Vobiz AI Voice Agent via WebSockets

This integration guide is designed for developers and engineers who wish to build custom AI voice agents directly with Vobiz. It covers everything from high-level architecture to bit-level audio transformations using WebSockets and the Python reference implementation.

Resources:

GitHub Repository: Vobiz-Python-Voice-API-Example Reference Implementation
Primary Language: Python 3.11+
Core Frameworks: FastAPI (HTTP), websockets (WSS), pyngrok (Tunneling)

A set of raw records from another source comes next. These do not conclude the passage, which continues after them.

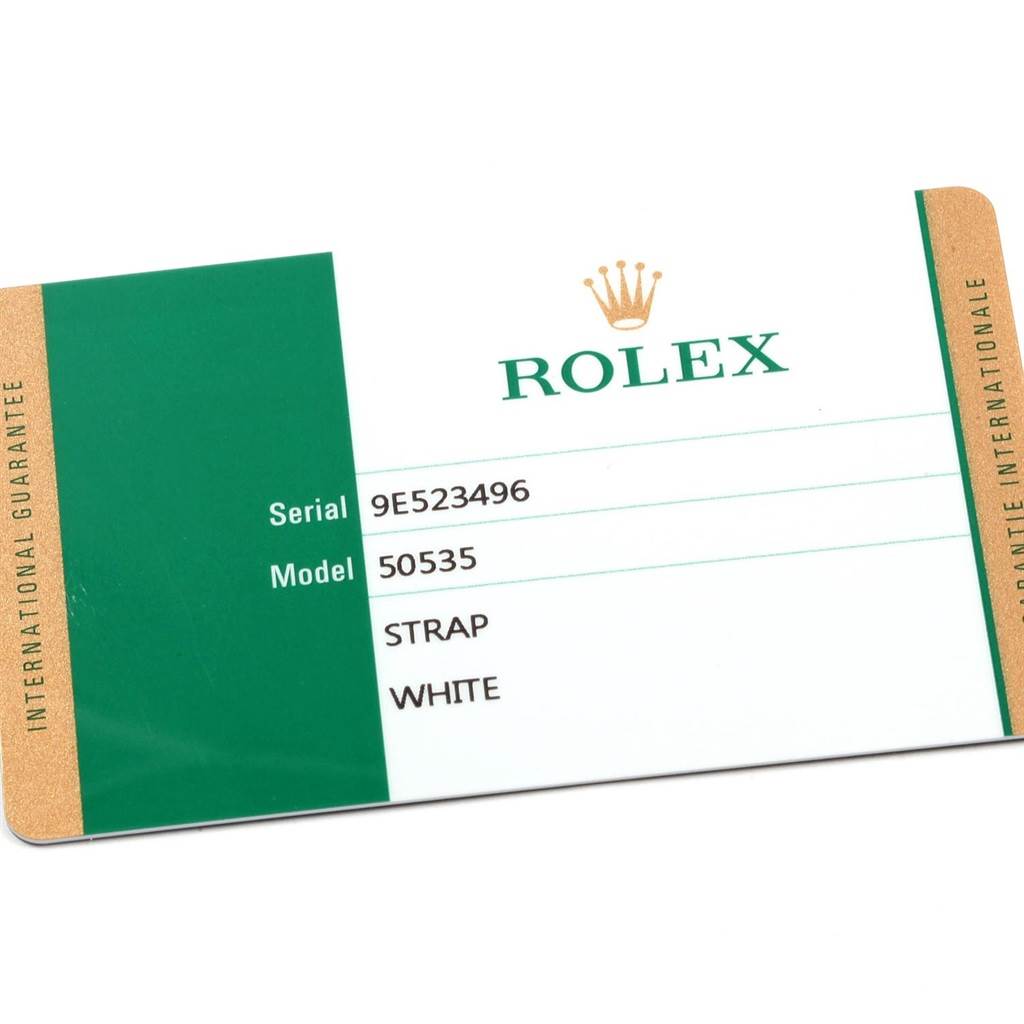 This is an international guarantee card for a Rolex Cellini 50535 Men's Rose Gold White Dial 50535 Men's Rose Gold White Dial model 50535 with a white strap, viewed from an angle showing both sides.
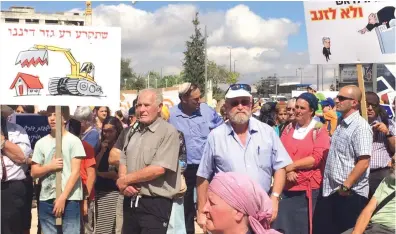  ?? (Tovah Lazaroff) ?? PROTESTERS RALLY in Jerusalem yesterday against the demolition of homes in unauthoriz­ed West Bank outposts.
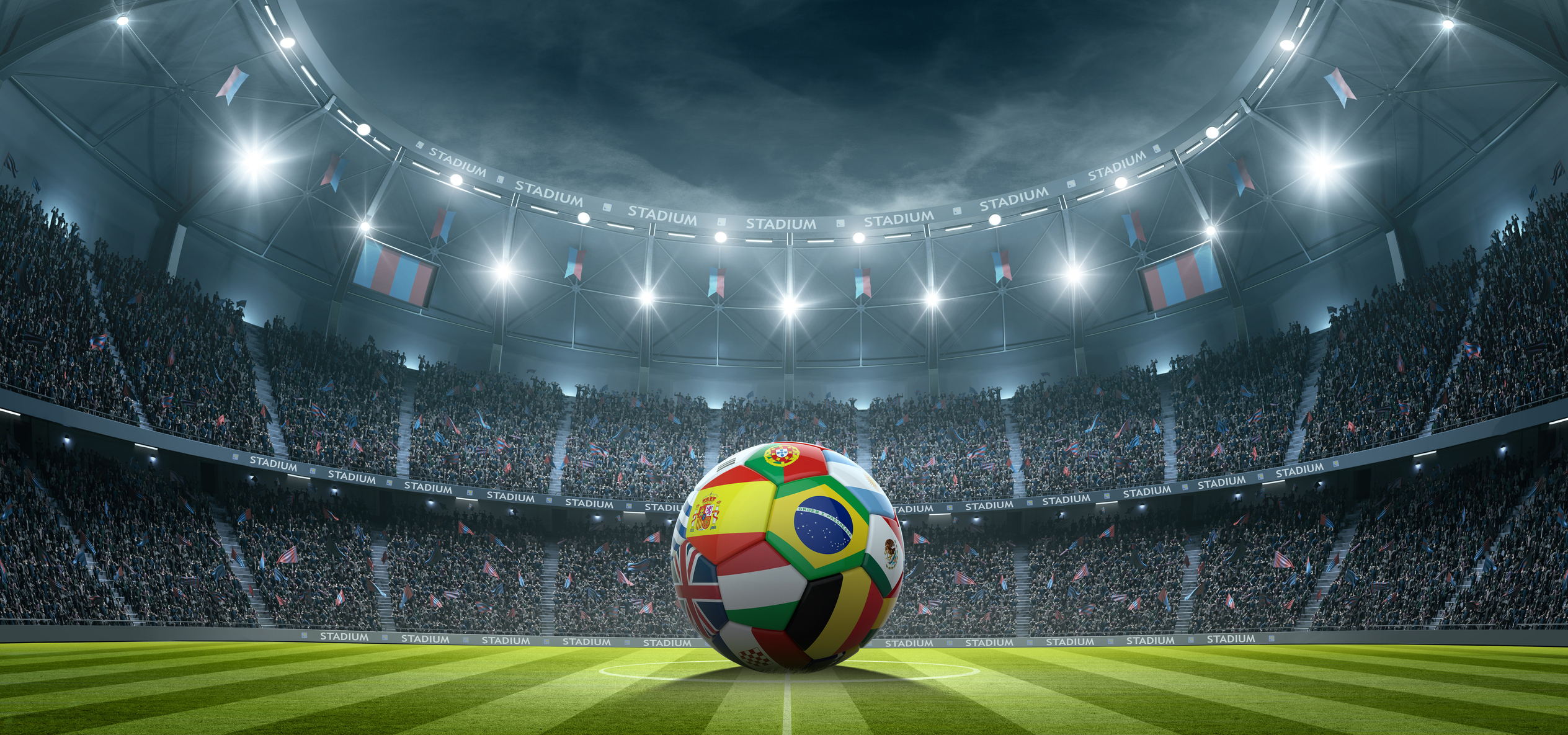 Football painted with different countries' flags, in the centre of a football stadium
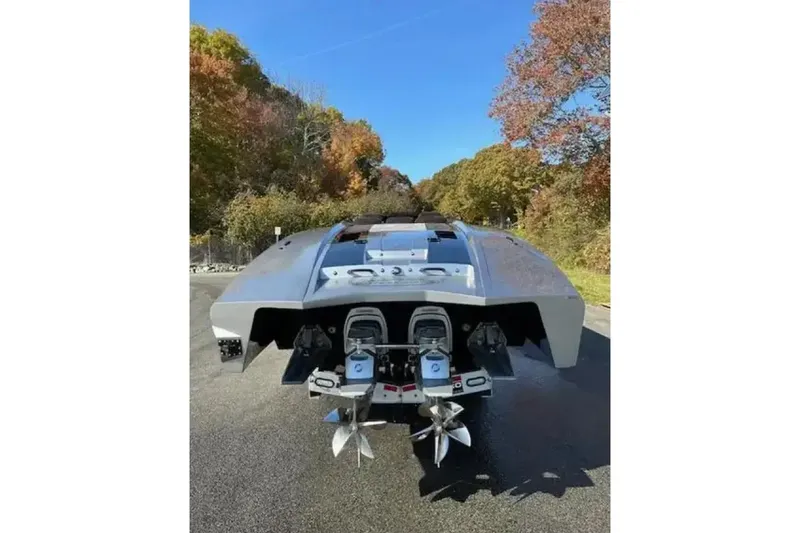 Slide: The Image of 2020 Outerlimits SL-50 powerboat with dual engines, parked on a scenic road. - 14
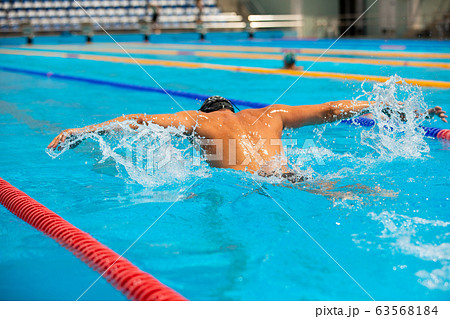 Athletic man swimming in butterfly style in the swimming pool with clear blue water. 63568184
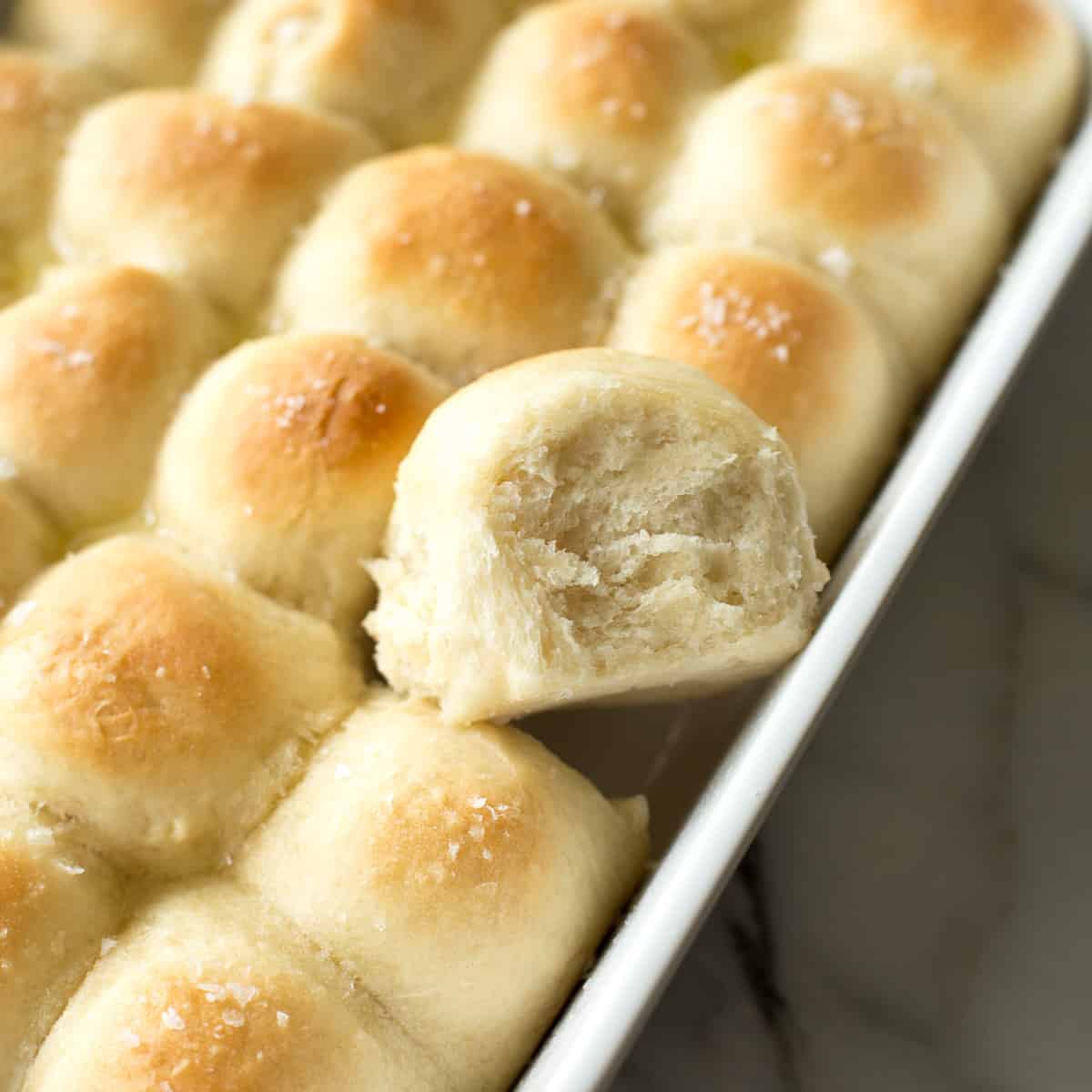 buttery dinner rolls in a rectangular white baking dish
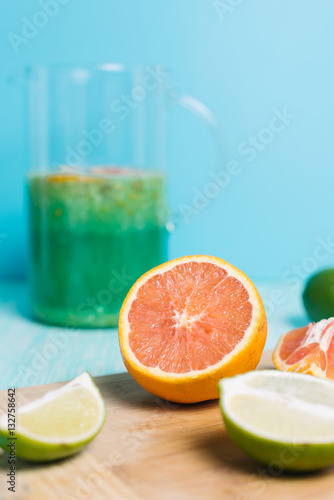 Fototapeta Naklejka Na Ścianę i Meble -  Citrus fruits. Oranges, limes and lemons. Set of sliced citrus on wooden table, background with copy space
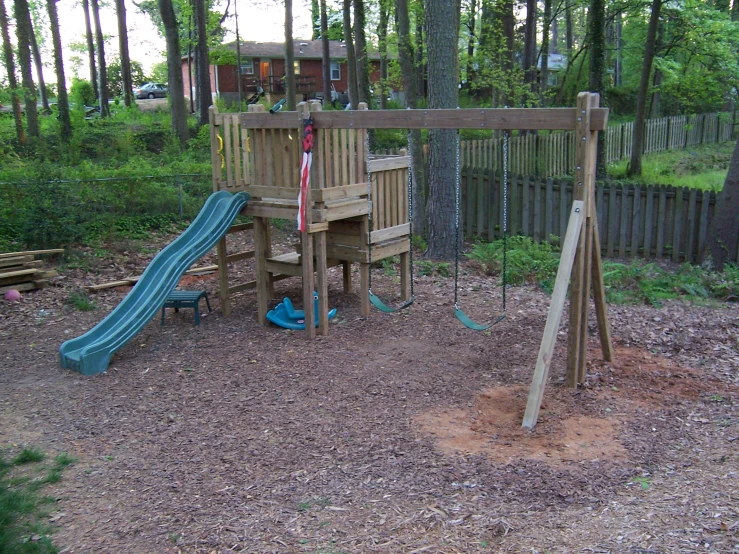 this playground is made from wood and includes a slide and climbing frame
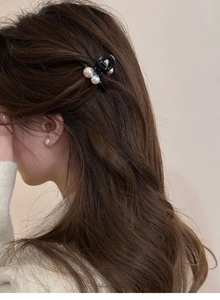 Détail de la pince à cheveux en perles noires et boucles d'oreilles sur cheveux bouclés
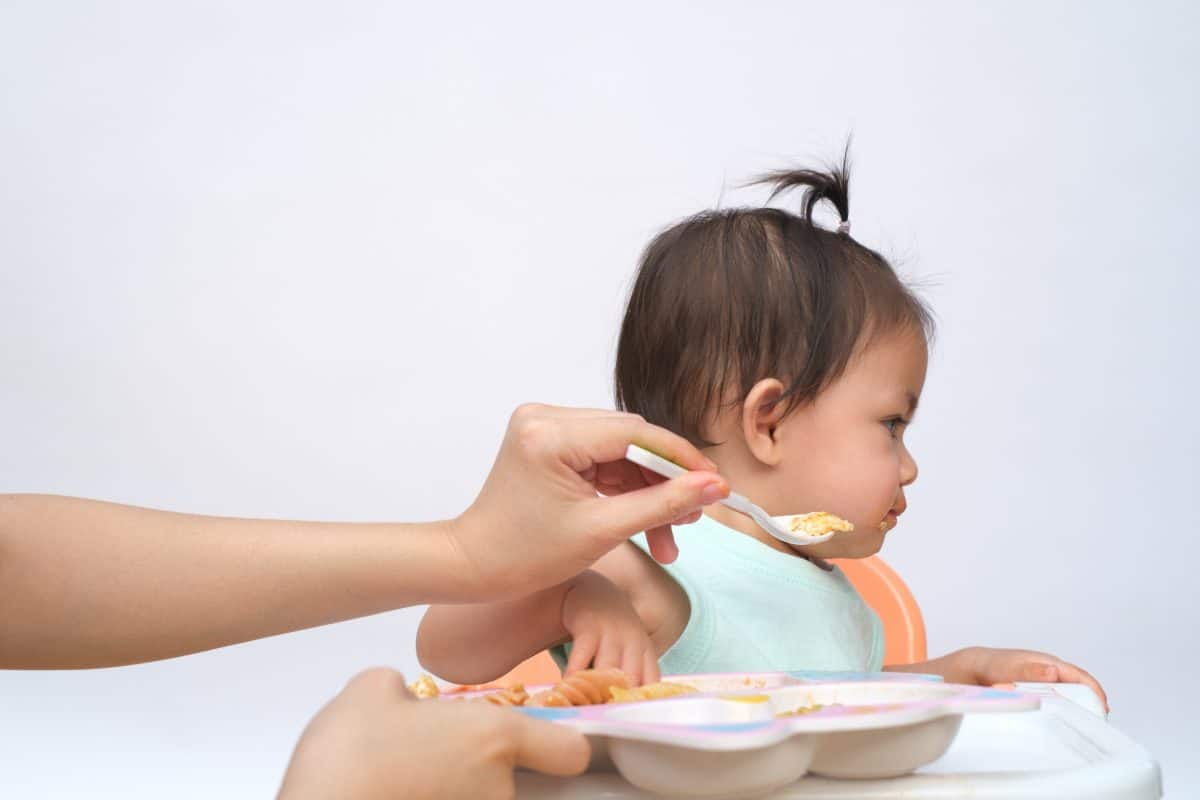 Nutrition healthy eating habits for kids concept. baby do not like to eat food. Little cute kid girl refuse unhappy and unlike to eat healthy food.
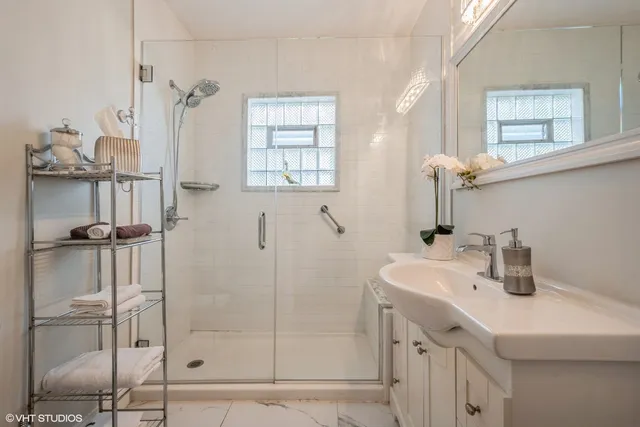 a bathroom with a sink and mirror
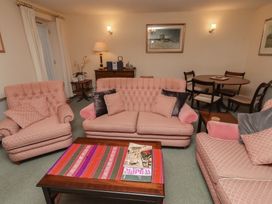 A living room with sofas and a dining table at Grange Cottage in Belford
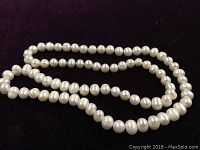 Close up of white fresh water pearls showing slight irregularities in pearl shapes and shine on black background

Architecture & Connectivity

The Split-Server Model

The reference implementation runs two servers concurrently:

FastAPI Server (Port 5000): Handles HTTP Webhooks (`/answer`, `/hangup`) and acts as a WebSocket proxy/gateway.
Agent Server (Port 5001): A dedicated websockets server that maintains the call state and audio stream processing.

Flow Overview

The Vobiz Cloud receives a call to your Phone Number.
An HTTP POST webhook is fired to your /answer route (eg., via Ngrok tunnel).
Your server returns an XML <Stream> response back to Vobiz.
Vobiz initiates a WSS Upgrade Request to your specified WebSocket URL.
Your WSS proxies the connection to your Agent Server locally to establish the Session.
A bidirectional audio stream begins directly between Vobiz and your Agent Server.

Vobiz XML Protocol

Vobiz uses a specialized XML structure to orchestrate calls. These responses must be returned by your /answer endpoint.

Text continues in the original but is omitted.